What I don't understand is why SP UV scale behaves differently from Tiling in SD?
Also my UV looks like this, multiple models sharing the same texture, you can see the height map in background, if I author a material that looks fine on the standard cube, it will look strange without tiling or UV scale on my models.
I'm pretty certain the following is happening (from memory, haven't checked)
Assuming you're not using dynamic material layering in Painter you have a fixed texel density and the uv scale parameter simply shrinks your material to make it tile more often.
In designer the tiling parameter affects the UVs on the display mesh and increases/decreases texel density.
- Is it possible to author material in SD that accounts for SP UV scaling without having to check it in SP?
- Are we expected to only author in UV scale = 1? Material Tiling effectively increases texel density which is not ideal.
- I am not sure which approach is better for my cases: I followed Sims 4's method of texture per model(s); but I know I can also create tile-able texture atlas and then create UV for them.

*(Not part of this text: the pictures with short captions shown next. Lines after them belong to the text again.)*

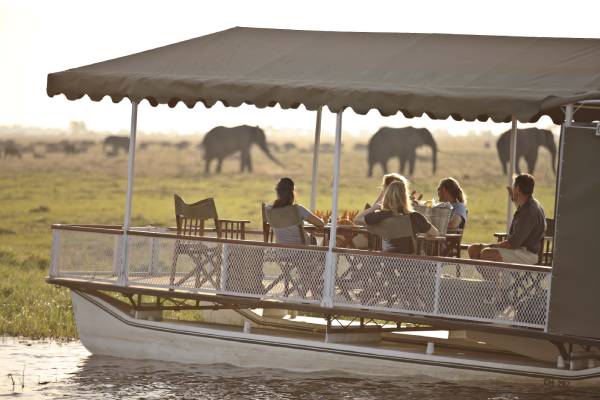 botswana-chobe-nationalpark-andbeyond-chobe-under-canvas-bootsafari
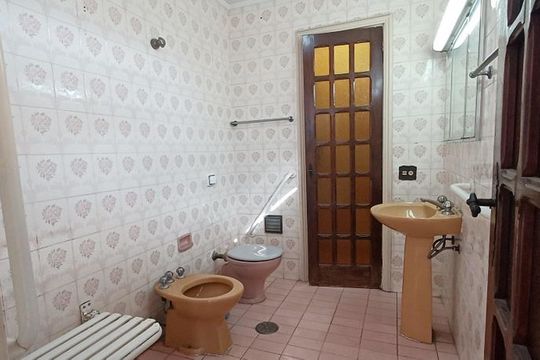 Banheiro de casa à venda com 3 quartos, 193m² em Jardim Novo Mundo, São Paulo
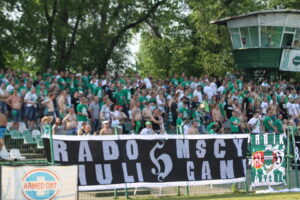 Pierwszy mecz barażowy o awans do II ligi: Radomiak Radom - Wisła Sandomierz. Fani gospodarzy / Kamil Król / Radio Kielce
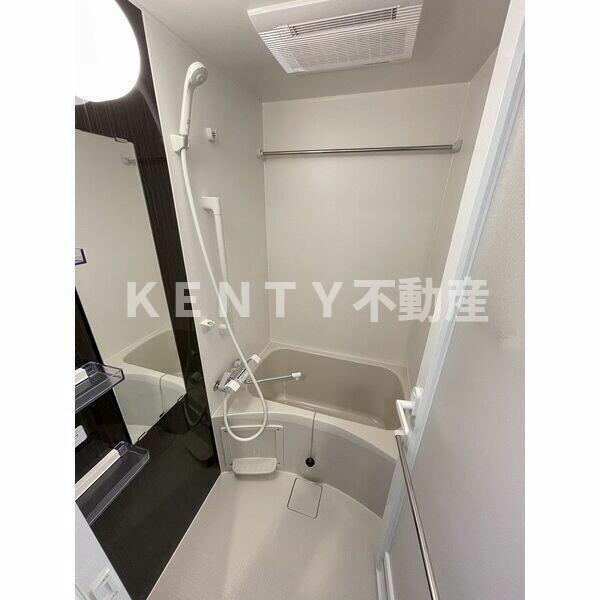 バス・シャワールーム　ゆったり過ごせるお風呂です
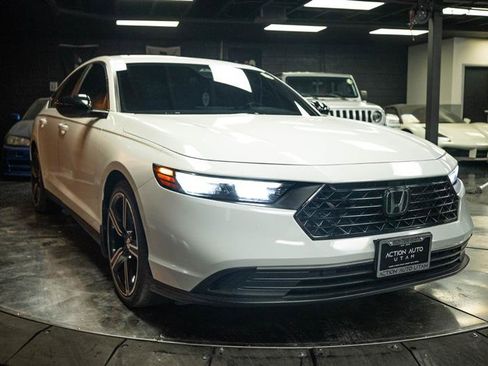 Used 2023 Honda Accord Sport image 5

I prefer to not change my approach, but which makes more sense given my low texel density?
There is a Safe Transform and Material Transform node in SD, I can use it to set the width/height of output(s) into some % of the input(s). The output from Material Transform node looks identical to UV scaling in SP, I think under the hook they both just took the input and downscale the texture.

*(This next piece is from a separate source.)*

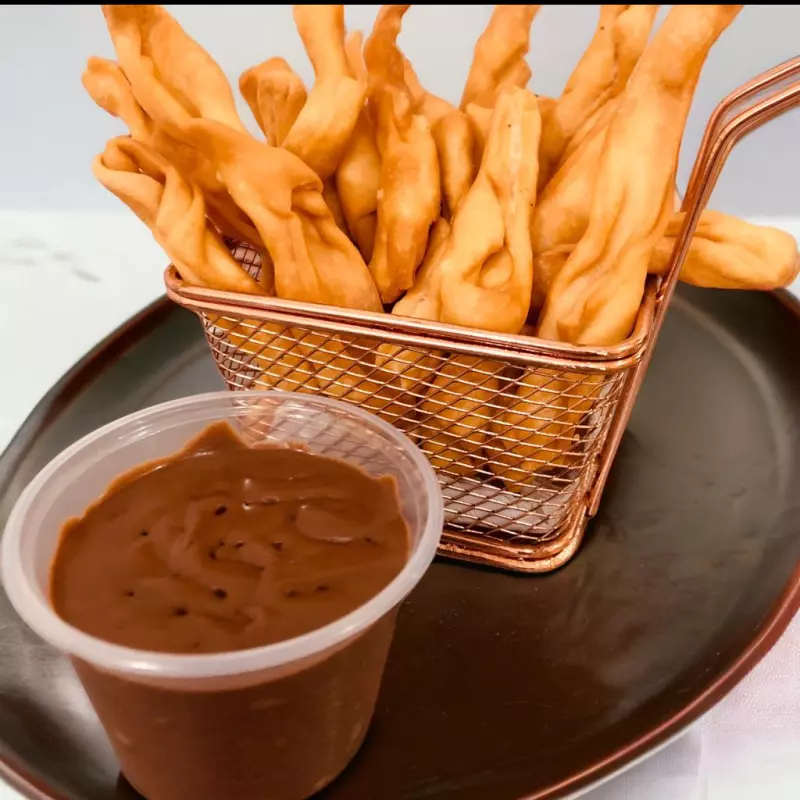 Tirinhas de pastel + Acompanhamento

I am ok with this approach, save me tons of time moving between SD and SP.
This is fine but it makes anything other than unique mapping awkward - if you're making tiling maps/atlases it's probably best to stick to designer.
In terms of actual game production...
On the project I'm working on now we author all individual materials at the same texel density in designer. These are then used at 1-1 scale in Painter on asset sets with uvs that are authored at the same texel density. We generally put between 3 and 20 modular assets (forming a set) onto a single texture sheet (size is dependent on the set), making extensive use of uv overlapping etc. We did the same thing minus painter on the last two as well.
doing things as described above basically makes correct density and (importantly) feature scale the default - you have to actively get it wrong..
I am doing pretty much this. My problem was material authoring in SD, which I only use to create material to be used in SP, but then ran into issue with UV scaling.